AUSTRIAN ART does not, on the whole, have a high profile internationally, though that may be viewing it from our own special angle from out West. Austrian artists are, in fact, quite often seen in Venice, Germany etc, but less so on the Anglo-American circuit, to the edge of which, like it or not, we in Ireland largely belong. And Austria, for centuries, has drawn on its proximity to Eastern Europe, besides having the mellowing influence of Italy just over the Alps.
The exhibition in the Hugh Lane Municipal Gallery goes back only to 1980 and sensibly avoids historicism, though this does not confine it to young or recently emerged artists only. There are in fact at least two generations represented, and since the exhibitors are limited to a single painting each, well over 40, people are included. The choice was made by Georg Eisler, a leading Austrian painter, and Kristian Sotriffer, a prominent Viennese critic who has written the thoughtful catalogue essay.
This is not a "thematic exhibition" in the modish sense, but it has been grouped imaginatively into four "elements": Figure-Bodies, Skin-shadows, Providence-Metamorphosis, and Elements "Flood of Images." The grouping is free rather than arbitrary, and there is no "programme"; it might be said, very approximately, that these titles correspond to key signatures in music.
My exposure to contemporary Austrian art has been limited, and what I have seen has left me with the impression of wide diversity rather than any obvious homogeneity.
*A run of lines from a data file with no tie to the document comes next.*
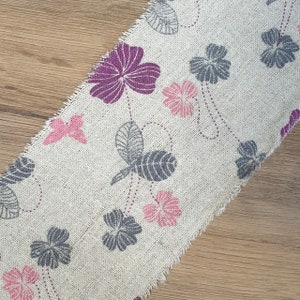 May include: A beige fabric with a floral pattern. The fabric features pink, purple, and gray flowers and butterflies.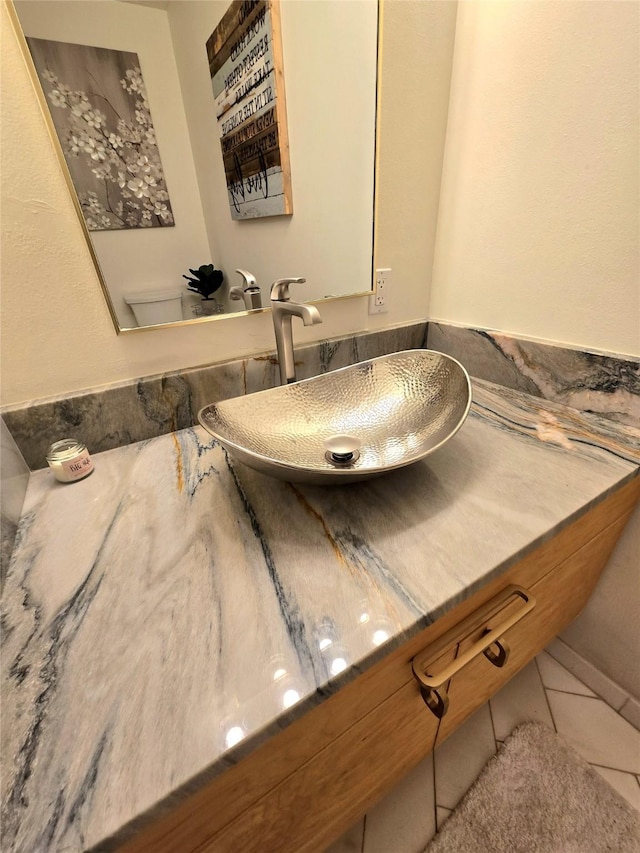 bathroom with tile patterned flooring and a sink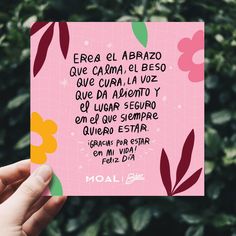 a person holding up a card with the words in spanish on it and flowers all over them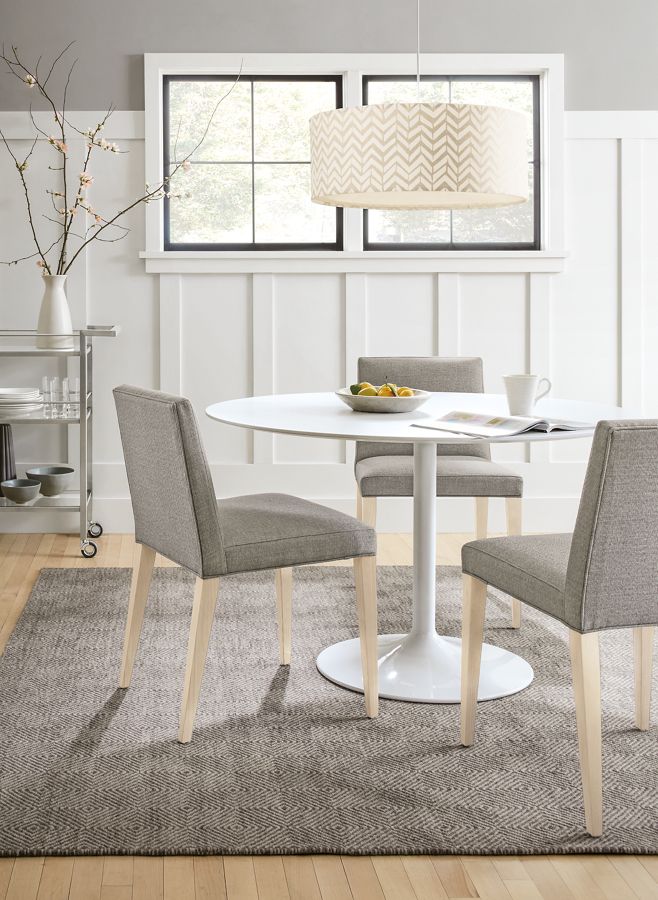 Side view of Aria round dining table in white.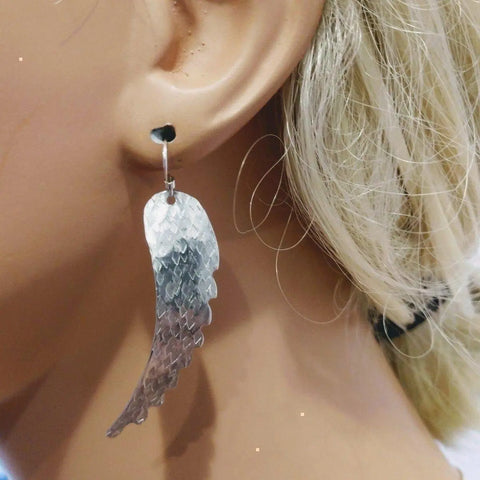 A close-up shows a person wearing Alexa Martha Designs Sterling Silver Hammer Pattern Sculpted Angel Wing Earrings. The textured, handmade design stands out against blonde hair in the background.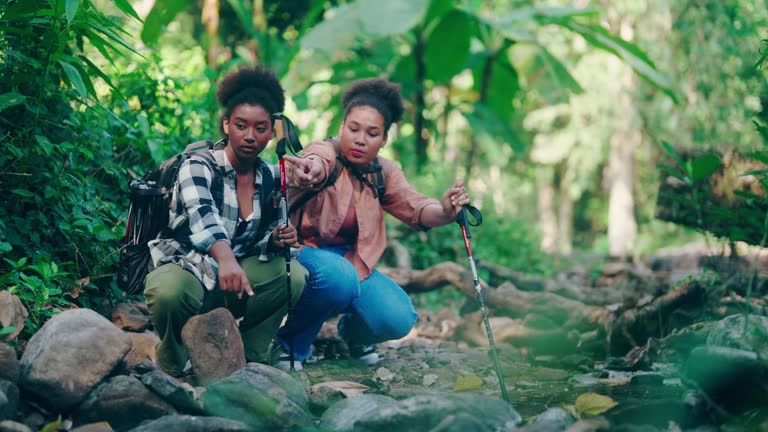 Two adolescents that enjoy trekking while on vacation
Georg Eisler, for instance, is a very special kind of realist-expressionist with a rich feeling for paint, while Arnulf Rainer - one of the names we do know - is close to Abstract Expressionism. And Hermann Nitsch, another man whose reputation has travelled here, is recognisably a freewheeling, almost aggressive abstractionist with roots in the 1960s.
There are frequent touches of the macabre (as you might expect from a country with a strong Baroque heritage) but it is "painterly" rather than literary-surreal. Wolfgang Herzig, for example, bears some relationship with Otto Dix and German Expressionism, yet the emotional temperature is different. Siegfried Anzinger (who has been seen in Documenta) paints in a colourful, yet veiled and suggestive figurative style. Maria Lassnig - who appears to be the senior artist present - paints figures of an almost brutal, yet poetic simplicity.
If I can risk a broad judgment it seems to me that many or most of the best pictures on view are lyrical, expressive and personal rather than formal or constructivist. Hubert Scheibl (faintly reminiscent of our own Charles Tyrrell), Erwin Bohatsch, Dieter Kleinpeter, Josef Mikl, Meina Schellander may have little in common stylistically, but they do share a common lyricism and a feeling of not forcing things to too strident a note or of using heavy paint surfaces. Whereas Franz Ringel, Christian Ludwig Attersee, Peter Bischof and Martha Jungwirth do step up the emotional - and chromatic - temperature, besides using paint more rawly and aggressively.
BUT then where to place the odd, individual, almost fungus-like colour of Walter Vopava? The triptych of Johanes Zechner holds a thoughtful balance between neatness of form and personal fantasy, while Tone Fink's abstract style is at once formal and full of surface interest and incident, even wit. Elizabeth Plank (born 1960) is one of the most interesting of the recent generation. It seems to me also that an element which keeps breaking through is a feeling for nature, or nature-derived lyricism, though there is very little approximating to landscape in the traditional sense.
The fact that the painters have been limited to less-than-large works is a vote for democracy, though it could be argued that certain people (for instance, Kleinpeter, whose larger canvases I have seen in Vienna) rather lose out by this. The hanging, wisely, is sparse and allows the works a certain, necessary space to breathe and speak on a one-for-one basis.